### Directions:
Please reproduce the data exactly and omit the pictures.

Dataset excerpts:
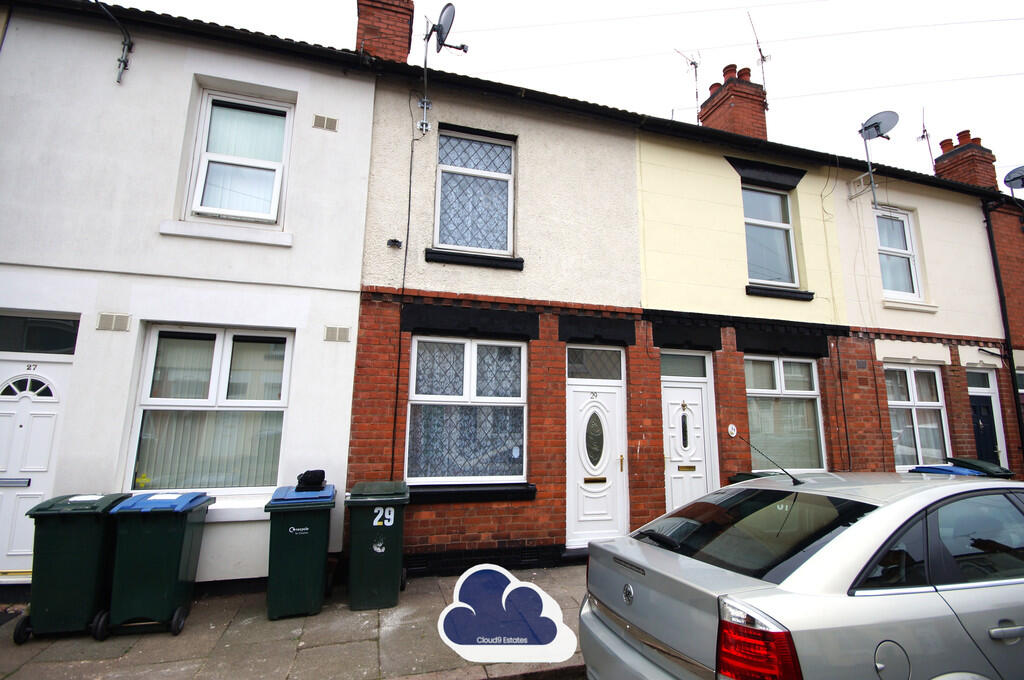 Main image of property: Silverton Road, Coventry, CV6 5GX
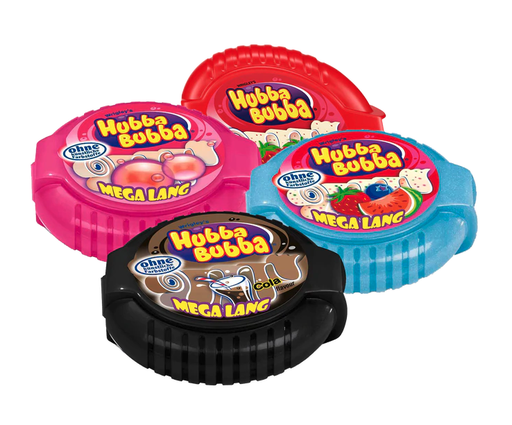 [0001019368] Kaugum Hubba Bubba Bubble Tapes mix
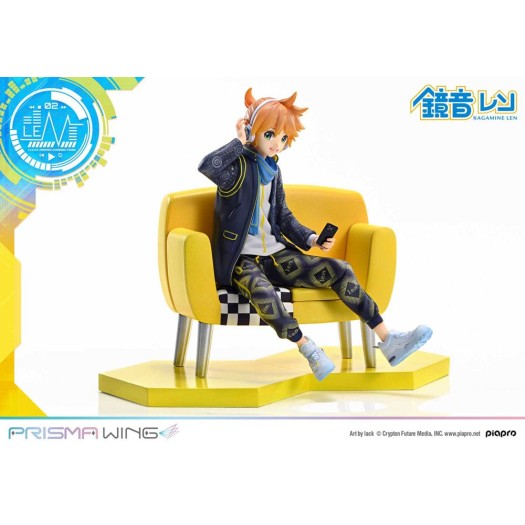 Vocaloid / Piapro Characters - PRISMA WING Kagamine Len (Art by lack) 1/7 18cm (EU)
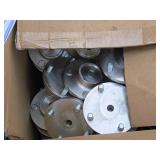 Lot of (1/2 Pallet / 2 Boxes + 5 Flats) Aluminum Parts Lot of (1/2 Pallet / 2 Boxes + 5 Flats) Aluminum Parts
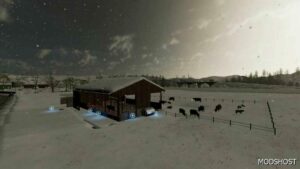 FS22 Placeable Mod: Small UK COW Barn (Image #3)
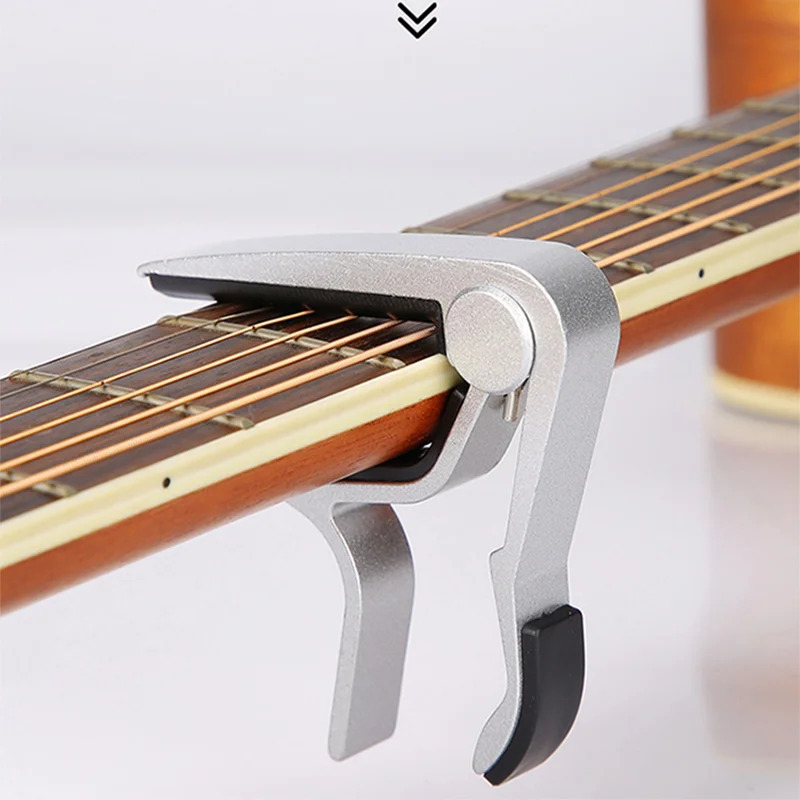 1/2pcs Guitar Capo for Acousti - огляд і ціна Acoustic Guitar Dreadnought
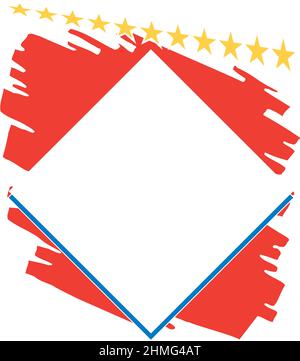 Star Diamond Vector Background Stock Vector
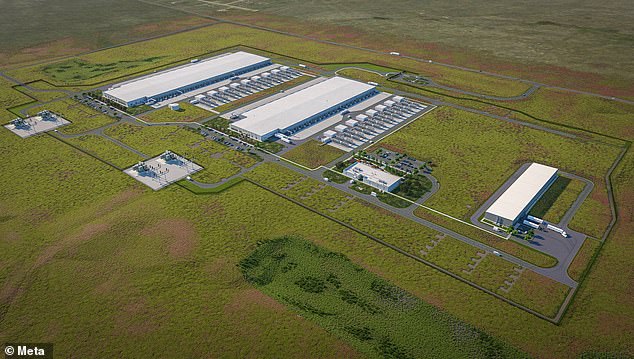 Social media giant Meta has unveiled plans for a massive data center that will create 1,000 jobs in a rural area of ​​America's heartland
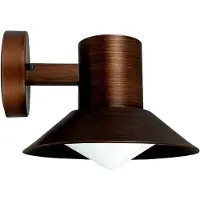 Dyberg Larsen Luminaires d'extérieur , Ocean, dimmable, Cuivré, Terrasse, Métal, Design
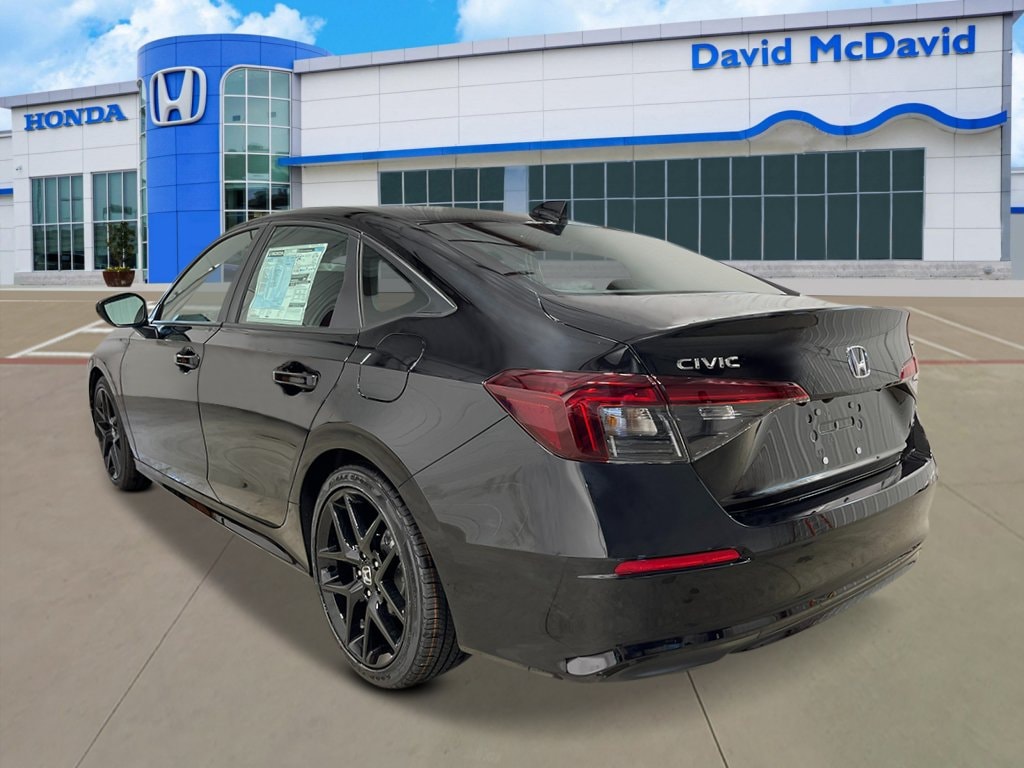 New 2026 Honda Civic Sport Sedan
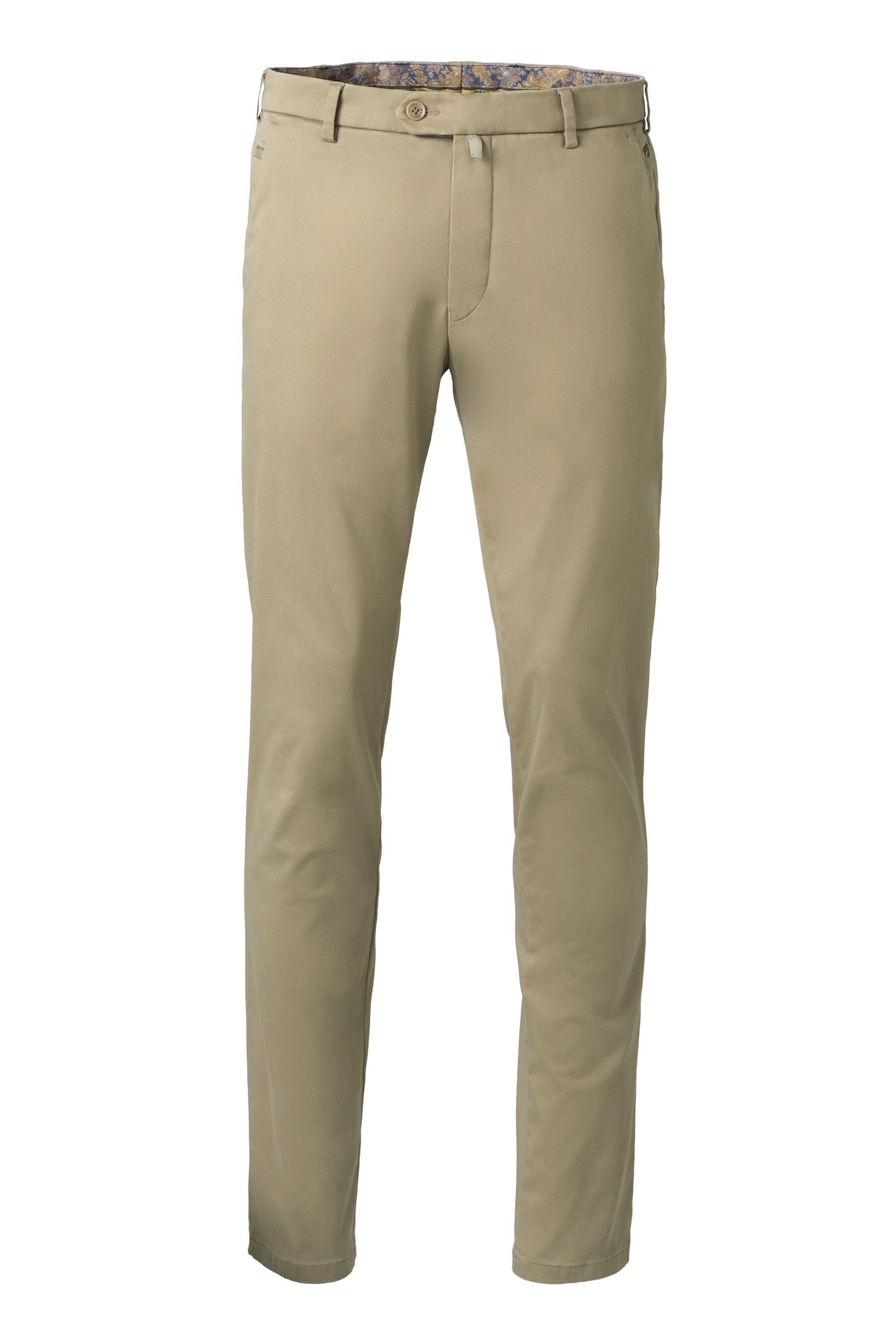 MEYER Chinos "Tokyo" mit Hemdenstopper günstig online kaufen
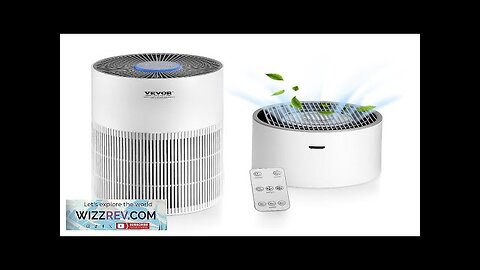 Air Purifier 1090 ft²/h True HEPA 11 Filter Air Cleaner for Home Review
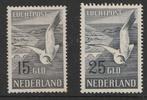 LP12-LP13  1951  Luchtpost Meeuwen MLH, Postzegels en Munten, Ophalen of Verzenden, Na 1940, Postfris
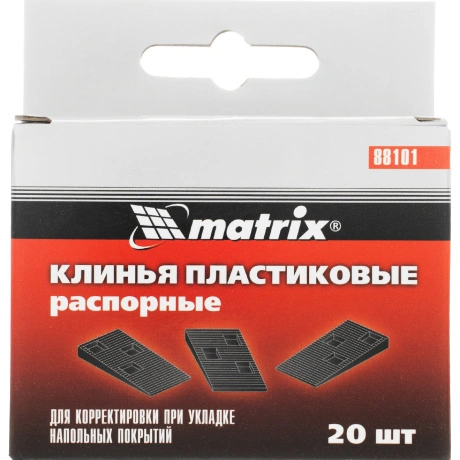 Клинья пластиковые распорные для корректировки при укладке напол...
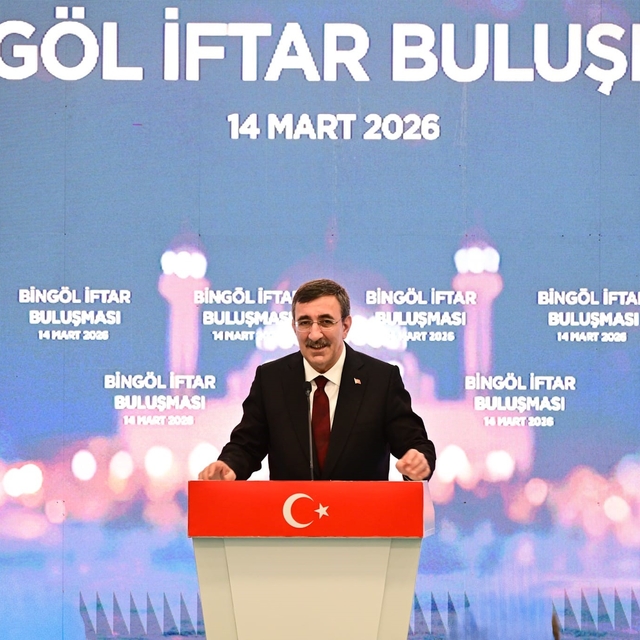 Cumhurbaşkanı Yardımcısı Yılmaz: "Savaşlardan uzaklaşılması yönünde her tür...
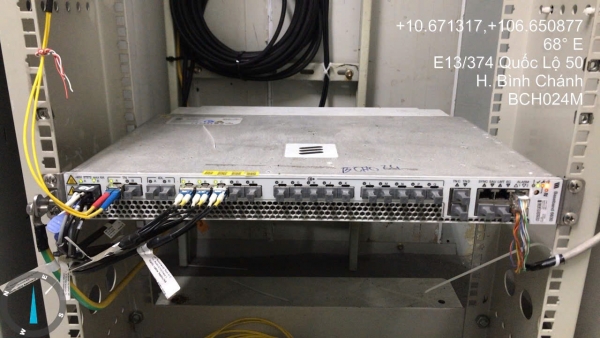 Xây dựng cơ sở hạ tầng viễn thông trạm BCH024M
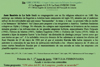 Texto de la tarjeta del Matasellos del Centenario del Colegio de La Salle en La Felguera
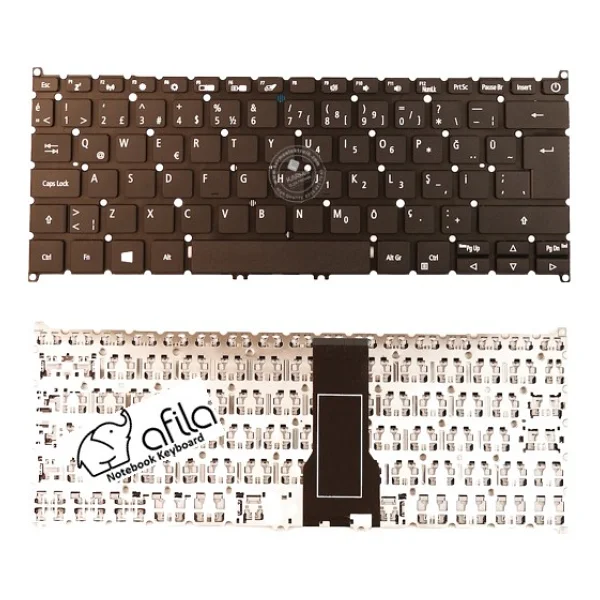Acer Swift 3 Nsk-Rkabw 0T Ot Klavye (Siyah Tr) - Görsel 2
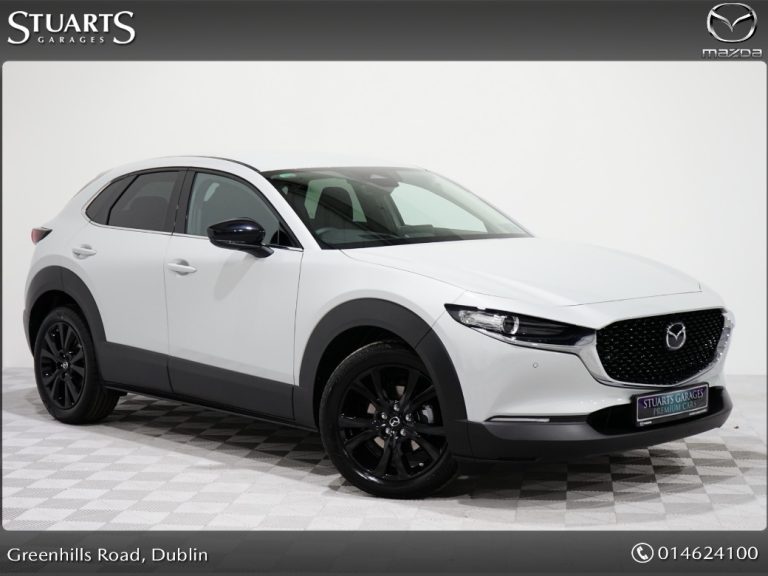photo of a used Mazda CX-30 for sale Dublin  by Stuarts Garages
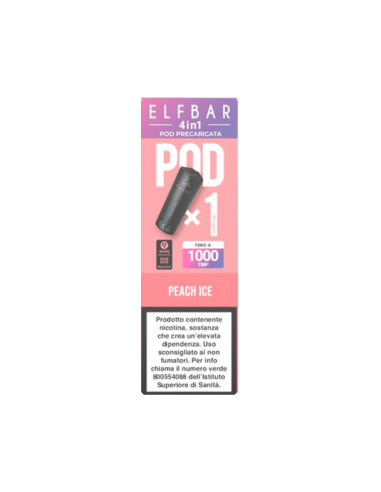 copy of Blue Razz Lemonade ELFA Pod Precaricate Elf Bar 2ml - 2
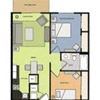 2 Bedrooms, 1 Bathroom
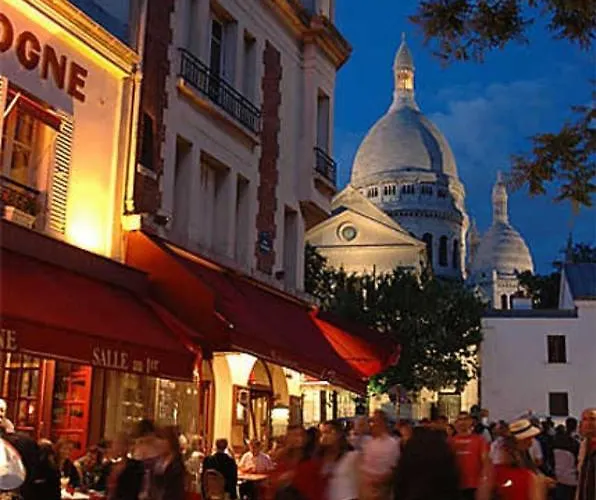 דירה 3 Double Bedrooms In Montmartre Near Subway Ac פריז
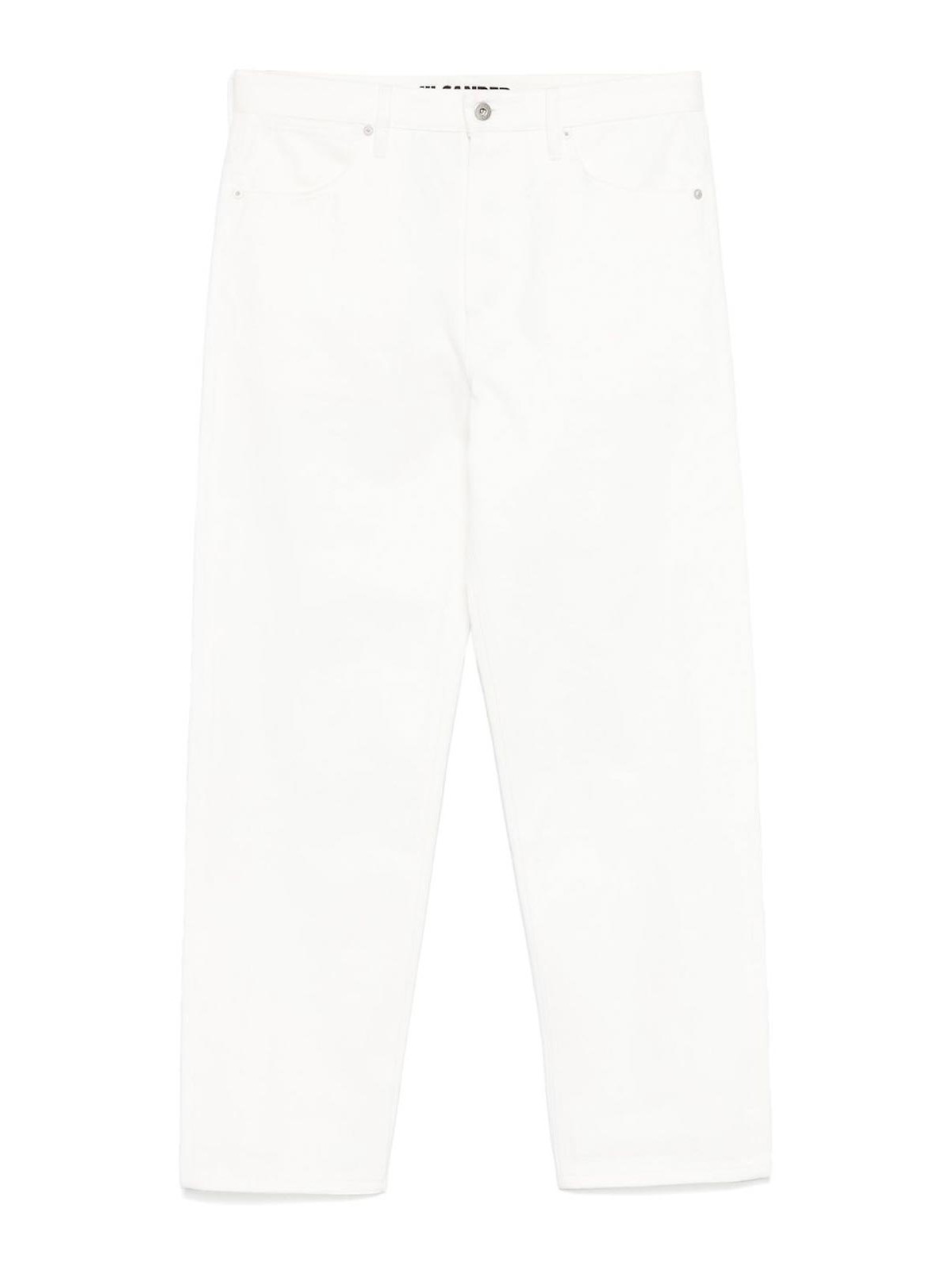 Straight White Japanese Raw Denim Jeans J23KA0101J45288102 (Jil Sander / ジーンズ ) | Jil Sander (ジルサンダー)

### Answer box:
 Main image of property: Silverton Road, Coventry, CV6 5GX
 [0001019368] Kaugum Hubba Bubba Bubble Tapes mix
 Vocaloid / Piapro Characters - PRISMA WING Kagamine Len (Art by lack) 1/7 18cm (EU)
 Lot of (1/2 Pallet / 2 Boxes + 5 Flats) Aluminum Parts Lot of (1/2 Pallet / 2 Boxes + 5 Flats) Aluminum Parts
 FS22 Placeable Mod: Small UK COW Barn (Image #3)
 1/2pcs Guitar Capo for Acousti - огляд і ціна Acoustic Guitar Dreadnought
 Star Diamond Vector Background Stock Vector
 Social media giant Meta has unveiled plans for a massive data center that will create 1,000 jobs in a rural area of ​​America's heartland
 Dyberg Larsen Luminaires d'extérieur , Ocean, dimmable, Cuivré, Terrasse, Métal, Design
 New 2026 Honda Civic Sport Sedan
 MEYER Chinos "Tokyo" mit Hemdenstopper günstig online kaufen
 Air Purifier 1090 ft²/h True HEPA 11 Filter Air Cleaner for Home Review
 LP12-LP13  1951  Luchtpost Meeuwen MLH, Postzegels en Munten, Ophalen of Verzenden, Na 1940, Postfris
 Клинья пластиковые распорные для корректировки при укладке напол...
 Cumhurbaşkanı Yardımcısı Yılmaz: "Savaşlardan uzaklaşılması yönünde her tür...
 Xây dựng cơ sở hạ tầng viễn thông trạm BCH024M
 Texto de la tarjeta del Matasellos del Centenario del Colegio de La Salle en La Felguera
Acer Swift 3 Nsk-Rkabw 0T Ot Klavye (Siyah Tr) - Görsel 2
photo of a used Mazda CX-30 for sale Dublin  by Stuarts Garages
 copy of Blue Razz Lemonade ELFA Pod Precaricate Elf Bar 2ml - 2
 2 Bedrooms, 1 Bathroom
 דירה 3 Double Bedrooms In Montmartre Near Subway Ac פריז
 Straight White Japanese Raw Denim Jeans J23KA0101J45288102 (Jil Sander / ジーンズ ) | Jil Sander (ジルサンダー)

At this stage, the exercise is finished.